There were 369 households, out of which 22.5% had children under the age of 18 living with them, 54.5% were married couples living together, 4.3% had a female householder with no husband present, and 40.1% were non-families. 37.9% of all households were made up of individuals, and 23.6% had someone living alone who was 65 years of age or older. The average household size was 2.08 and the average family size was 2.77.

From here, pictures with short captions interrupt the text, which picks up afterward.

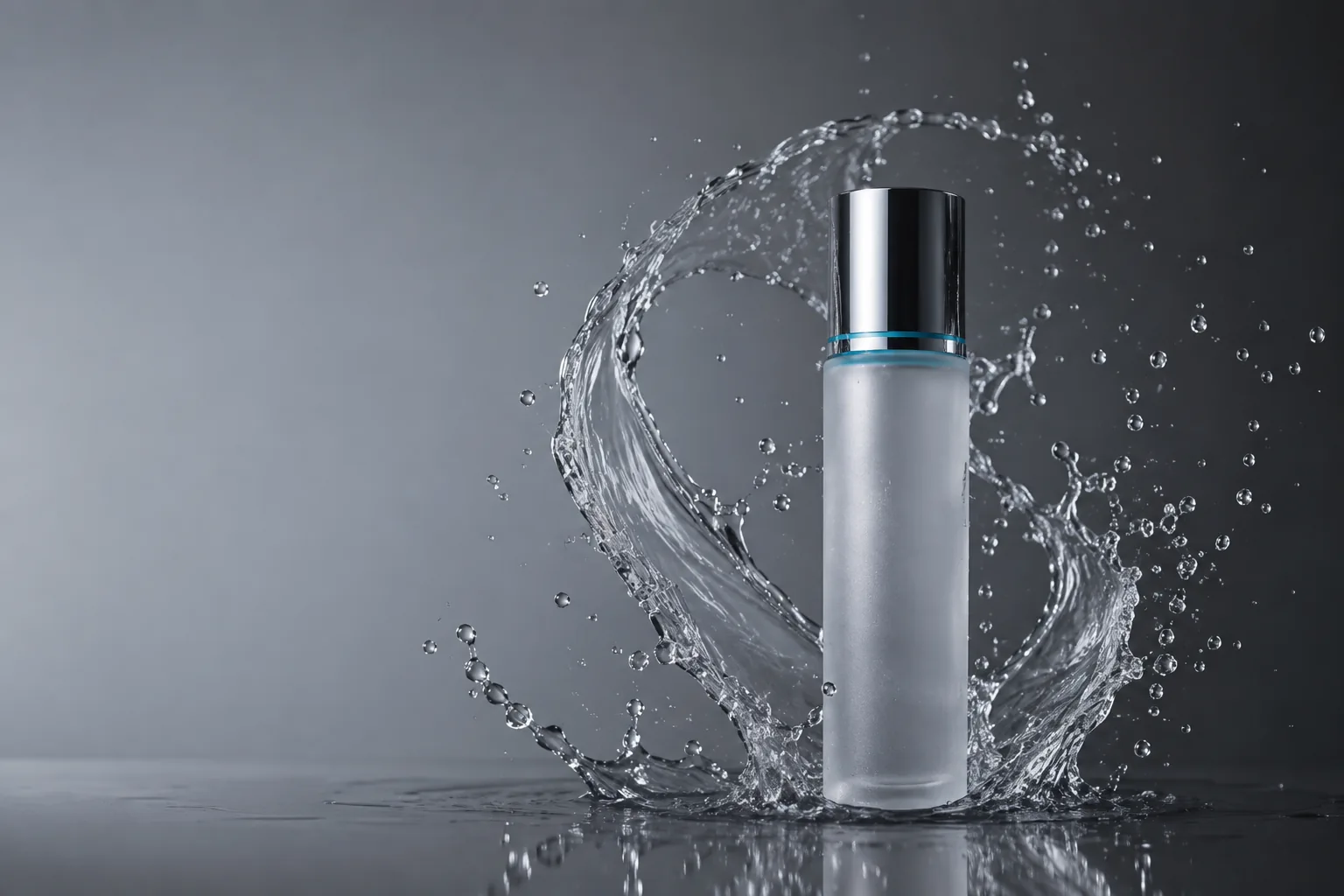 新製品THE LOTIONのボトルとテクスチャー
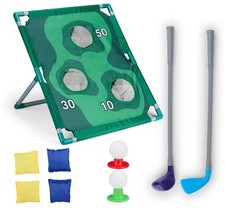 Eddy Toys Jeu Cornhole et Golf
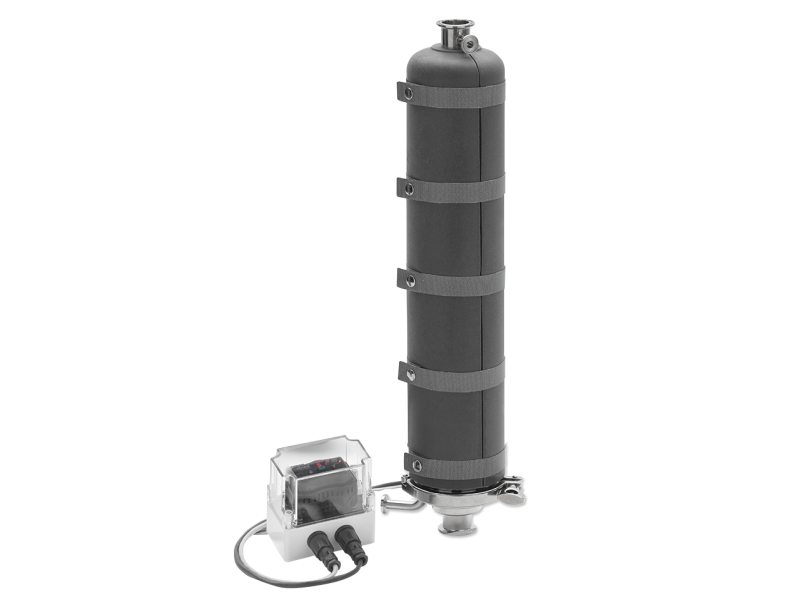 filter housing heater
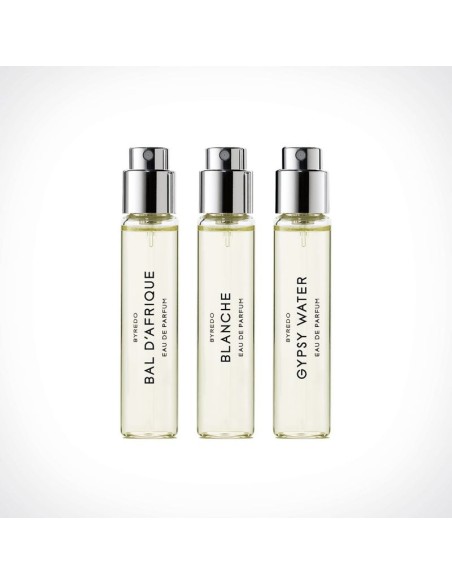 Byredo la Selection Nomade Set Regalo 12ml Bal D'afrique Eau de Parfum + 12ml Blanche Eau de Parfum + 12ml Gypsy Water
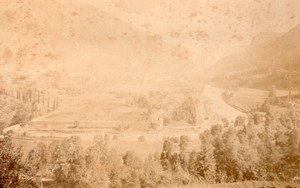 Pyrenees Vallee de Laruns France old Photo 1890'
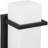 One-Light Modern Small Outdoor Wall Lantern-100014650-100014649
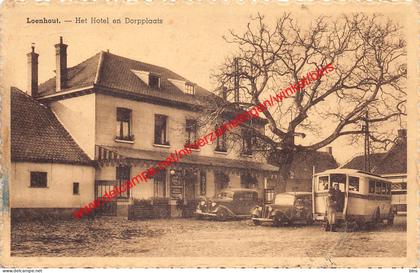 Het Hotel en Dorpplaats - Loenhout - Wuustwezel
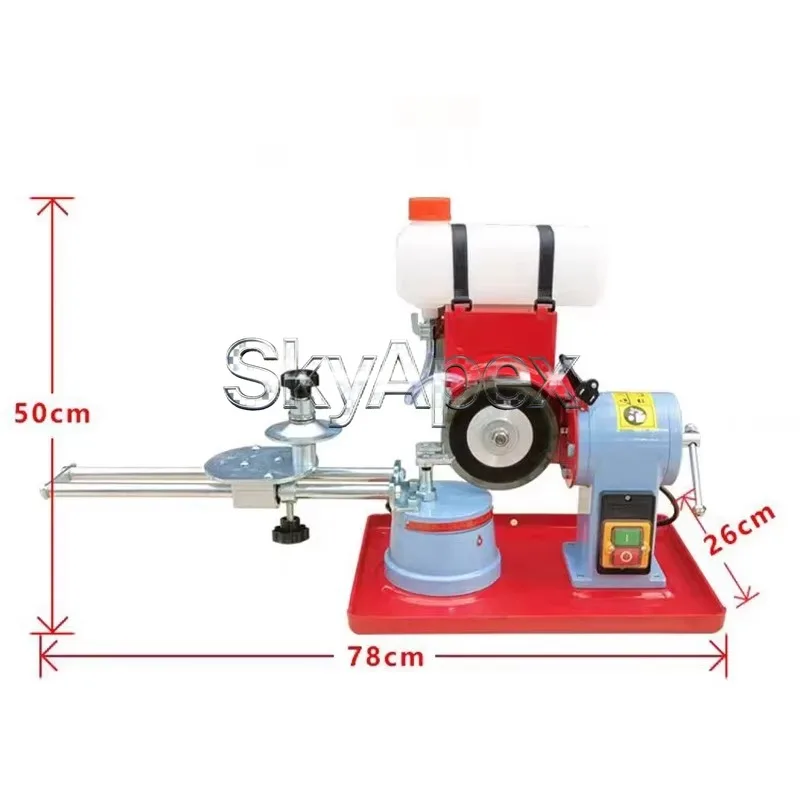 Manual Woodworking Saw Blade Grinder Water Washable Alloy Saw Blade Sharpening Machine Industrial High Efficiency Tool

In the city, the population was spread out, with 17.9% under the age of 18, 4.3% from 18 to 24, 19.2% from 25 to 44, 19.7% from 45 to 64, and 39.0% who were 65 years of age or older. The median age was 52 years. For every 100 females, there were 86.0 males. For every 100 females age 18 and over, there were 85.9 males.

The median income for a household in the city was $27,688, and the median income for a family was $32,368. Males had a median income of $24,444 versus $16,513 for females. The per capita income for the city was $16,258. About 4.4% of families and 8.3% of the population were below the poverty line, including 10.8% of those under age 18 and 12.3% of those age 65 or over.

==Education==
Glen Ullin is served by the Glen Ullin Public School District 48. It operates the Glen Ullin School. In the 2025-26 academic year, the district reported a total of 140 students.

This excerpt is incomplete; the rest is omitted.